--- Given material ---
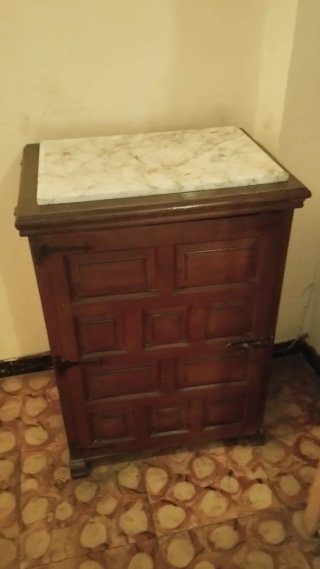 Armario de madera con tapa de mármoly plegable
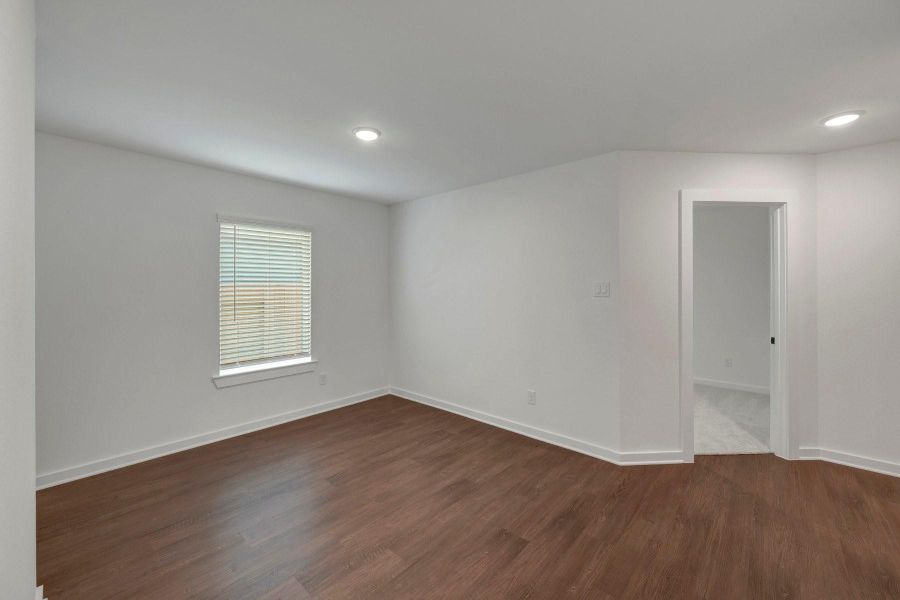 Spacious, unfurnished interior of a new home in Summerview, Fulshear (Image 18). Spacious, unfurnished interior of a new home in Summerview, Fulshear (Image 18).
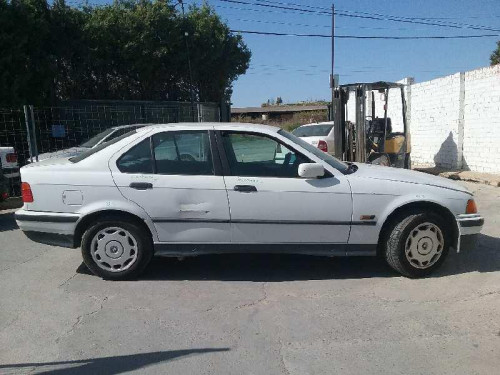 BMW SERIE 3 BERLINA (E36) — автомобиль-донор на запчасти 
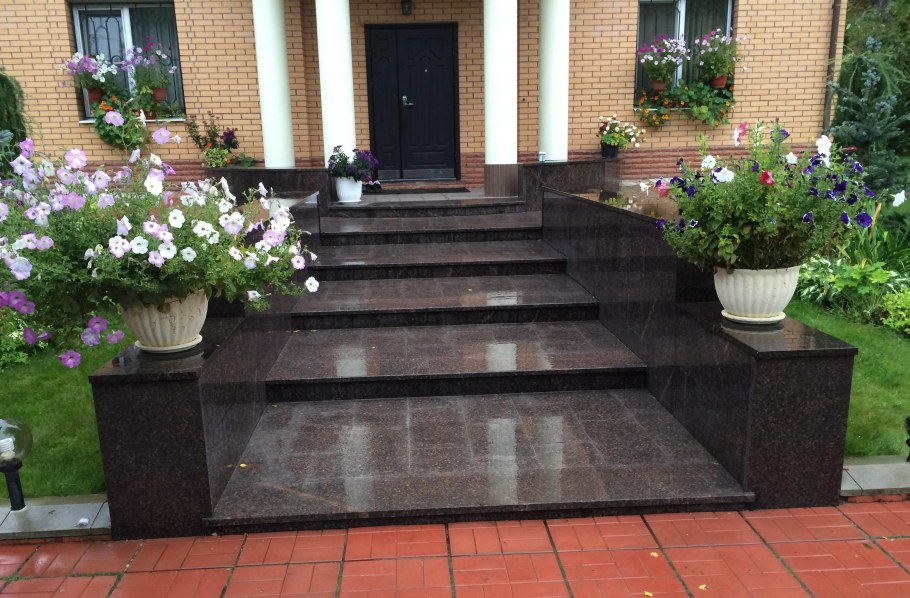 Крыльцо из гранита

--- Problem statement ---
Copy all of the listing word for word, minus the images.

--- Response to the exercise ---
 Armario de madera con tapa de mármoly plegable
 Spacious, unfurnished interior of a new home in Summerview, Fulshear (Image 18). Spacious, unfurnished interior of a new home in Summerview, Fulshear (Image 18).
 BMW SERIE 3 BERLINA (E36) — автомобиль-донор на запчасти 
 Крыльцо из гранита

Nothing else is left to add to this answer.